When $x$ is divided by $y$, and $x$ is not divisible by $y$, what is the maximum number of decimal places? Somewhere (I will provide reference once I remember where I got this statement from), I read that:

"When $x$ is divided by $y$, and the resulting number is a decimal *, then the maximum number of recurring digits in the result is $(y-1)$ "
*Definition of decimal: A number in the form of $a$, or in other words, a constant. Examples: 1.23 or 3.63 or 28... etc.

I have found this true for many values of $\frac{x}{y}$.
Examples:
$1/2 = 0.5$ The recurring digits is 5
$1/3 = 0.\overline3$ The recurring digit is 3
$1/7 = 0.\overline{142857}$ The recurring digits are 142857
$1/11 = 0.\overline{09}$ The recurring digits are 09.

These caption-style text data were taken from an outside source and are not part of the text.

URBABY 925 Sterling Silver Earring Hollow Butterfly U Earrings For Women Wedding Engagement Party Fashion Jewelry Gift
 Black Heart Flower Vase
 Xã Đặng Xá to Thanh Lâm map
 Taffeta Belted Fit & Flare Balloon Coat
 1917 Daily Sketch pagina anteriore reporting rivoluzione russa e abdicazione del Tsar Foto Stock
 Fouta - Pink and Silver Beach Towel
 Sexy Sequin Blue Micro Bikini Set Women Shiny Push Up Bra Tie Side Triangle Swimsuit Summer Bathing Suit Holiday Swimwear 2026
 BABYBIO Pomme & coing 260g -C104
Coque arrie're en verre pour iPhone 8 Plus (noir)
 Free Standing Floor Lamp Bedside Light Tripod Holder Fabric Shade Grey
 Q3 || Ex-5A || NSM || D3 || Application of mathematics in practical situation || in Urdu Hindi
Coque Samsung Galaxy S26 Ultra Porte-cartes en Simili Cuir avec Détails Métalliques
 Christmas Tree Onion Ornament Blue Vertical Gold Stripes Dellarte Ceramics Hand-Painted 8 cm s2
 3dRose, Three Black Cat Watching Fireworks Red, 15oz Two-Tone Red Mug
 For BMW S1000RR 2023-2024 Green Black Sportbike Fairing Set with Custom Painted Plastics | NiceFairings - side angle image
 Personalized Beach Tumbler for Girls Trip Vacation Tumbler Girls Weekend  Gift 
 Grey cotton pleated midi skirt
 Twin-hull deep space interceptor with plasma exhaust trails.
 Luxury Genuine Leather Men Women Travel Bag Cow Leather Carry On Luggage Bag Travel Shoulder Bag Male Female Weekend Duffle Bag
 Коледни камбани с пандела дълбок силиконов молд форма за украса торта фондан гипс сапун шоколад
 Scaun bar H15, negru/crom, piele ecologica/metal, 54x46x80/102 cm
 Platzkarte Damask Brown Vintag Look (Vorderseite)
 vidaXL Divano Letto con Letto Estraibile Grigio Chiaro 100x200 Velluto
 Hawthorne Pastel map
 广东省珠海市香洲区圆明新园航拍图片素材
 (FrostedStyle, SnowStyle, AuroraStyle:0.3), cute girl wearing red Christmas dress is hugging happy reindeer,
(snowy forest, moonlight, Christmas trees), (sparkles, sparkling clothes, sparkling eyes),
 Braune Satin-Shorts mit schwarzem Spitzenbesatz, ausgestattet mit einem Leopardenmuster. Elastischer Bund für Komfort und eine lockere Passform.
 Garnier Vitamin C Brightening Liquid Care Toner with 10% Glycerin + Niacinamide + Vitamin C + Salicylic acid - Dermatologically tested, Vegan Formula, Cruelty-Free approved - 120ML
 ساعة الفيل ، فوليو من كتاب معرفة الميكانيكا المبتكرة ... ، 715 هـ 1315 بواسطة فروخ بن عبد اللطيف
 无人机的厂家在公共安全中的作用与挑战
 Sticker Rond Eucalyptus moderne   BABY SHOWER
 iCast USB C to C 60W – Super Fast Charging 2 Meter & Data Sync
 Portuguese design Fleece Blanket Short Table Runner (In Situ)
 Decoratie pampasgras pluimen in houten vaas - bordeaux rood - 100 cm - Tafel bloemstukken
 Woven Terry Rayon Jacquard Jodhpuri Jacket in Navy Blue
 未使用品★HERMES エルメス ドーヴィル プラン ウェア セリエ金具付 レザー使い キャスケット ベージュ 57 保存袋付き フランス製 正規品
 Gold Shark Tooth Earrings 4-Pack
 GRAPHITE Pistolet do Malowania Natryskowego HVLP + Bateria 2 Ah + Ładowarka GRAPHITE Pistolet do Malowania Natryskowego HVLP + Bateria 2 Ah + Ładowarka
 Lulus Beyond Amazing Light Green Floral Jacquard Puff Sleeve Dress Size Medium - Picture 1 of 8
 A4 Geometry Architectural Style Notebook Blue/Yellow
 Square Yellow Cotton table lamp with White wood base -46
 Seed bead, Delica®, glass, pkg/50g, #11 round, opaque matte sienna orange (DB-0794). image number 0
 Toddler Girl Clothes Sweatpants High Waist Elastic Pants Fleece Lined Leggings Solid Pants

The statement is true at the moment because $2>1, 3>1, 7>6, 11>2$
Is there a good algebraic proof for this?
 A: Consider what it means to compute $x/y$ in decimal using long division. You have your remainder, $r_{i-1}$, from the previous digit calculation. You then "drop down a zero" to get $10r_{i-1}$ and divide by $y$; the quotient
$$\left\lfloor \frac{10r_{i-1}}{y}\right\rfloor$$
becomes the next digit, and you also calculate a new remainder $r_i = 10r_{i-1}\bmod y$.
Notice that this process depends only on the previous remainder $r_{i-1}$. As soon as you hit a remainder $r_i$ that matches some remainder $r_{\mathrm{prev}}$ that you have seen before, you will have $r_{i+1} = r_{\mathrm{prev}+1}$, etc, so that the decimal digits will start to repeat.
How long can you go without repeating? The maximum number of distinct remainders you can get when dividing by $y$, which is $y$ itself. The reason that the period is at most $y-1$ digits long, and not $y$, is that if you ever hit zero as a remainder, the long division terminates and you do not get a repeating decimal at all; therefore the set of possible remainders you can encounter while computing the repeating part of a decimal expansion is just the $y-1$ numbers $\{1,\ldots,y-1\}$.